Online Listing = Offer for Sale for Patent Infringement?

Robert Blazer sued eBay alleging that a product listed by an eBay seller was liable for patent infringement (directly, contributorily, and by inducement).  eBay successfully moved for summary judgment on the ground that it had not offered the accused product for sale, as required to maintain an action for patent infringement under 35 U.S.C. § 271(a).  Blazer v. eBay, Inc., Case No. 1:15-CV-01059-KOB (N.D. Ala. March 20, 2017).

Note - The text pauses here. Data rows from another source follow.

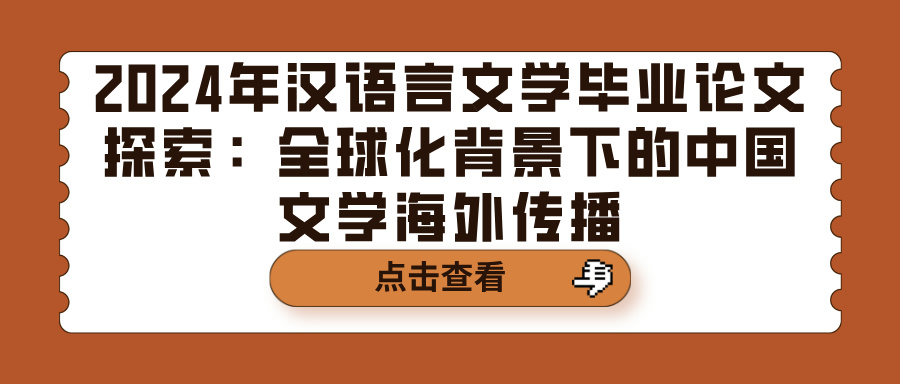 2024年汉语言文学毕业论文探索:全球化背景下的中国文学海外传播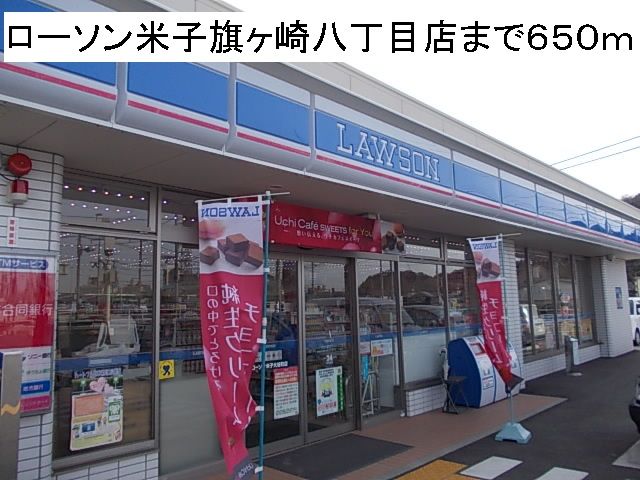 近くのローソン米子旗ヶ崎八丁目店まで650m（徒歩9分）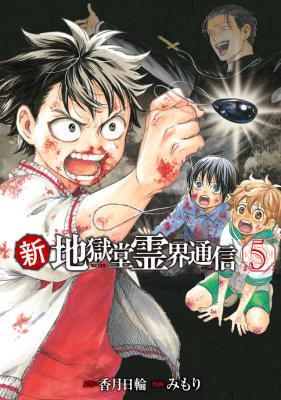 Series Image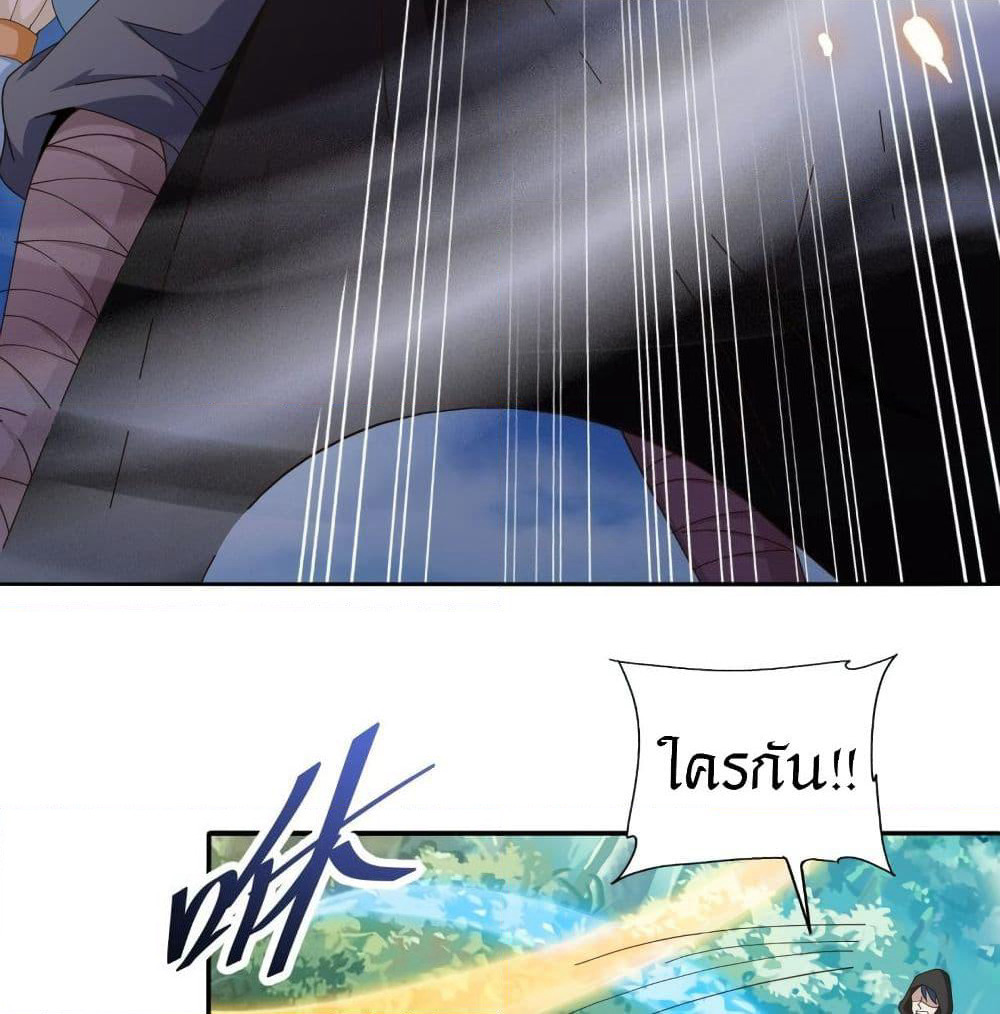 Peerless Martial Arts Everlasting page 5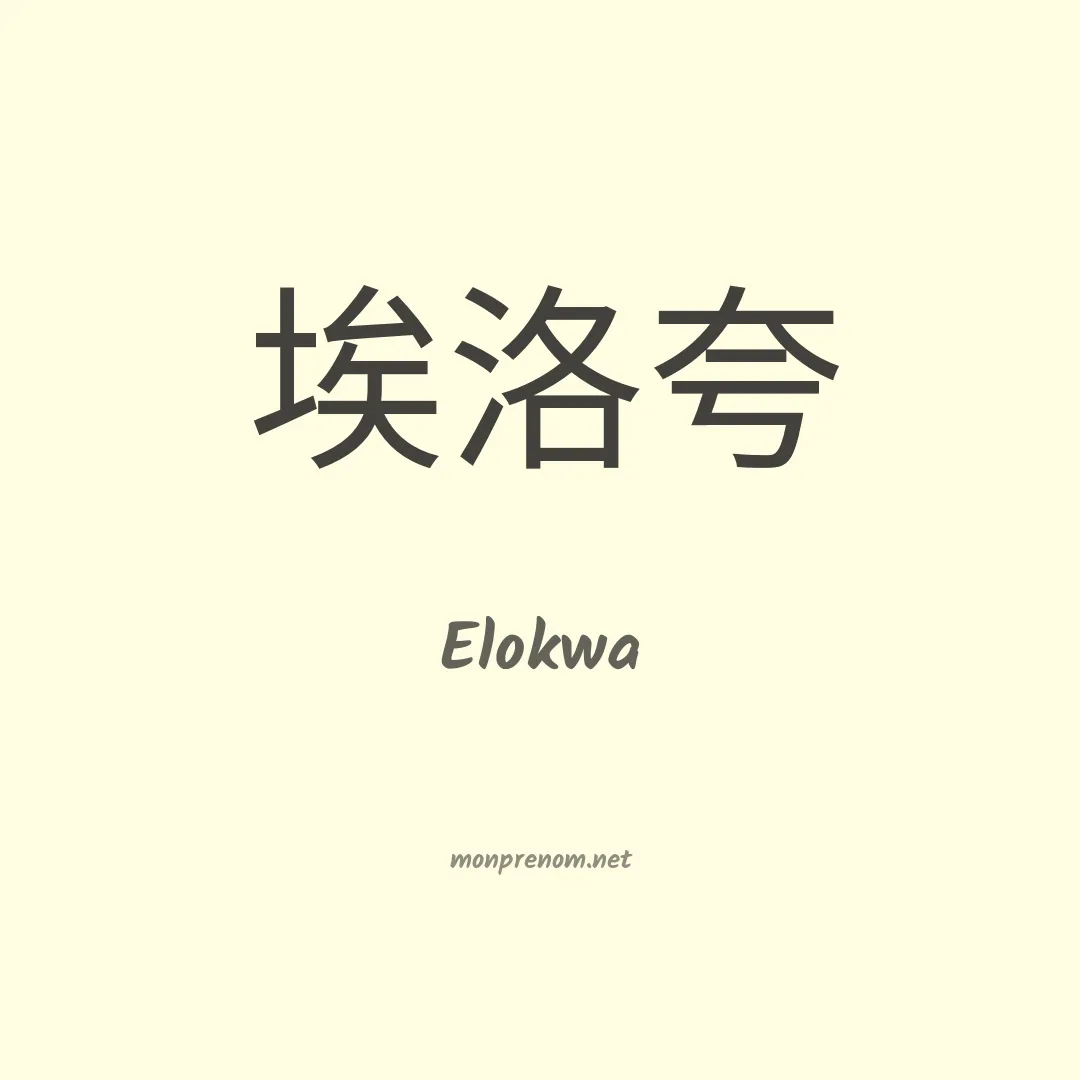 Elokwa en chinois
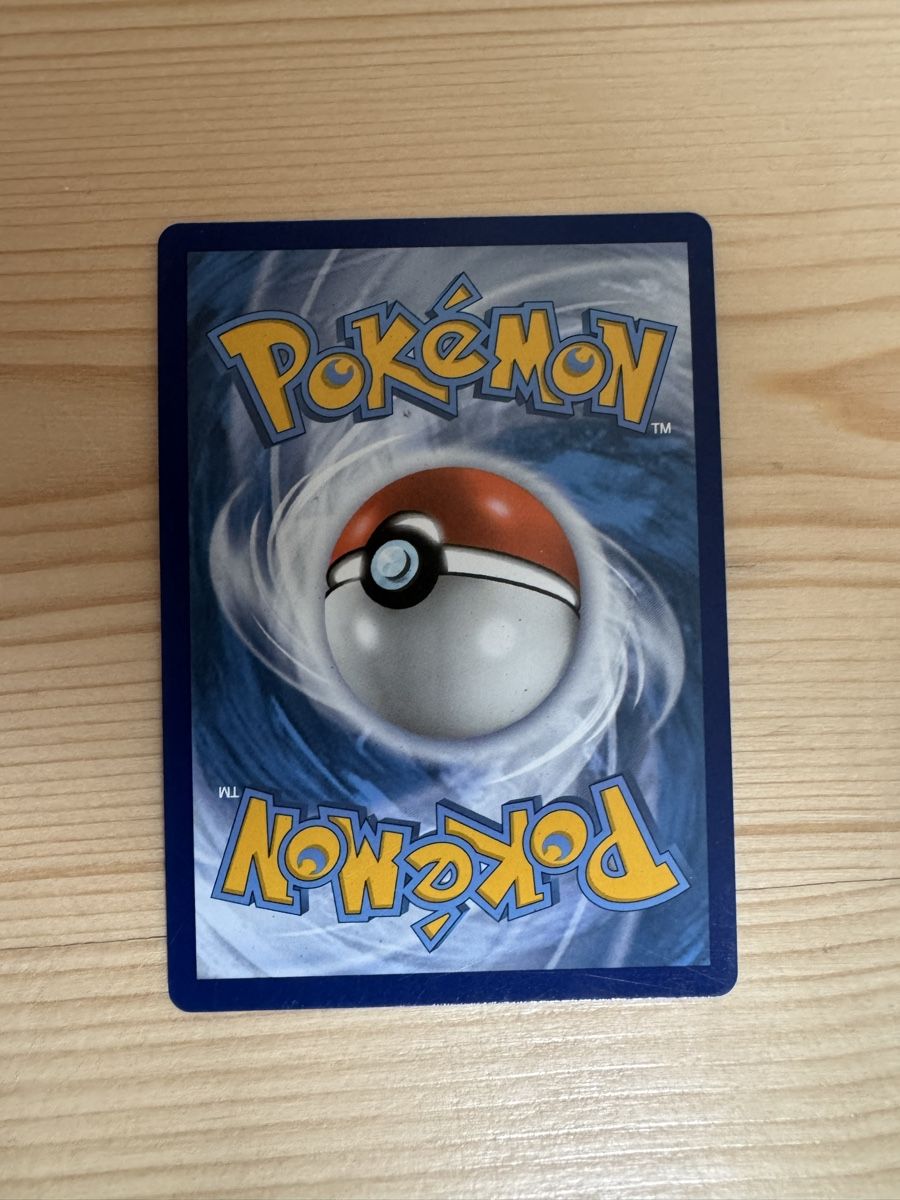 Pokémon Carte collezionabili: Celebi VMax Pokémon Karte.  – Usato da Zürich venduto da anemonetty 1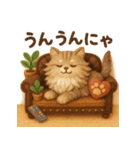 にゃんこスタンプ＊ふわふわメインクーン風（個別スタンプ：9）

The listing on eBay, the court explained, undoubtedly was an offer to sell the accused product.  But who was the offering seller?  Blazer argued that eBay was, citing 3D Sys., Inc. v. Aarotech Labs., Inc., 160 F.3d 1373 (Fed. Cir. 1998).  That case had explained that the purpose of Section 271(a) was to stop a party from “generating interest in a potential infringing product to the commercial detriment of the rightful patentee.”  But 3D Systems had been questioned by subsequent cases, such as Rotec Indus., Inc. v. Mitsubishi Corp., 215 F.3d 1246 (Fed. Cir. 2000), which clarified that whether an offer for sale had been made should be “interpreted according to its ordinary meaning in contract law.”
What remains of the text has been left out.